I sensed the whiff of scores being settled by Valli and Gaudio, and after watching the film, looked at Rock Lives by Timothy White (1990) where I recalled an interview with Frankie Valli from 1976. There was a rift, with Valli complaining that Crewe had stuck him with $30,000 to $40,000 of unfinished tracks, while actually producing Disco-Tex and His Sex-o-lettes. That rings true … Crewe had used up spare time on the Barbarella soundtrack sessions to record Music To Watch Girls By.
Valli told Timothy White:
I don’t mean to discredit anybody, but Bob Gaudio in my opinion had produced everything in those early Four Seasons records. He also sat and worked out every arrangement on everything the Four Seasons or Frankie Valli ever did … and was never credited … Bob Crewe was the official producer and he wasn’t about to split his production credits with anybody. Bob Crewe is a music writer in this sense: Without anybody to write chords and melodies, how are you gonna write music? Bob Crewe has not had any writing success unless it’s been with somebody else – which tells you something immediately.”
So I guessed right. White of course asked Bob Crewe who riposted:
I don’t know what kind of credit Gaudio wanted. I think Bob got his credit as a writer. If you’re gonna start on that, you have to start giving more credit to the assigned arranger, which was usually Charlie Callelo. There are no bad memories in my head … If you want to go around throwing bitter pills saying ‘Hey, I put that music together, I should have been called the producer’ well, that’s your problem to digest. That was one of the reasons why we split.

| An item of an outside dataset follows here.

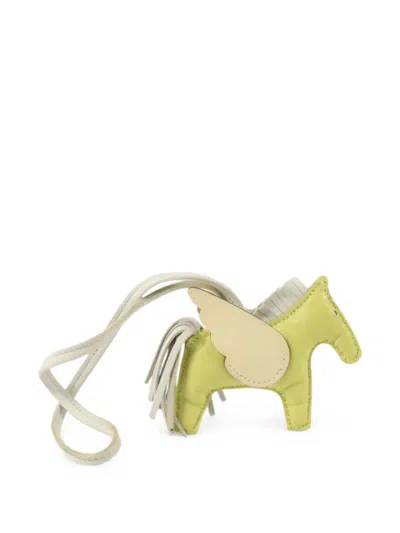 Pre-owned Hermes Rodeo Pegase Pm Charm In Yellow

As ever then. Lennon v McCartney, Jagger v Richards, Robbie Robertson v Levon Helm. But on this one, clearly, Valli and Gaudio have had the last laugh.
Even though Tommy DeVito comes out as fascinating character, I suspect a little deserved payback from Valli & Gaudio there as well. The bit that really upset the real Tommy about the movie was the suggestion that he wore his underwear for three days and peed in the sink. He denies it strenuously. But that’s imprinted on him now. That’s the joy for many of writing fiction, recasting your personal history with a soupçon of vengeance.
The Four Seasons partnership was and is just Frankie Valli (left), Bob Gaudio (right). Period.
Let’s be anorak. The first performance where Valli joins the band onstage is in 1951. Massi is playing a Fender Precision Bass which would have been a very early one indeed … the first ones sold were in 1951, and it was the first electric bass guitar, and the earliest ones look a tad different. I’m sure his is a post 1953, but it seems unlikely they had one at all in 1951. Incidentally, every stage shot shows them with different coloured Fenders … probably accurate. They would have got them free.
Bob Gaudio shows them “Sherry” for the first time and they sing it to Bob Crewe by phone
(L to R: Tommy DeVito, Bob Gaudio, Frankie Valli, Nick Massi)
One bit they feature strongly is Bob Gaudio losing his virginity at a party in … wait for it … December 1963. Oh, What a night indeed. The film rolls at the start with an instrumental version, and ends with a truly wonderful street dance scene to December 1963 (Oh What A Night) involving everyone who has appeared in the film … an obvious borrowing from the stage production, and ensemble dance is the standard encore at the Royal Shakespeare Theatre or Shakespeare’s Globe. Whatever, it’s great, and the song features prominently. So I guess we are supposed to interpret is as autobiographical and describing that incident. Probably fiction, I’m afraid. Gaudio wrote it in 1975 with his wife Judy Parker. The original title was December 5th 1933 and celebrated the repeal of prohibition. Bob Gaudio showed Timothy White the original lyric:
Mushin’ mash beneath their feet
Doin’ the Charleston in the street
Ain’t no way to be discreet
Rollin’ around in a rumble seat
Oh, what a night! December fifth in 1933 …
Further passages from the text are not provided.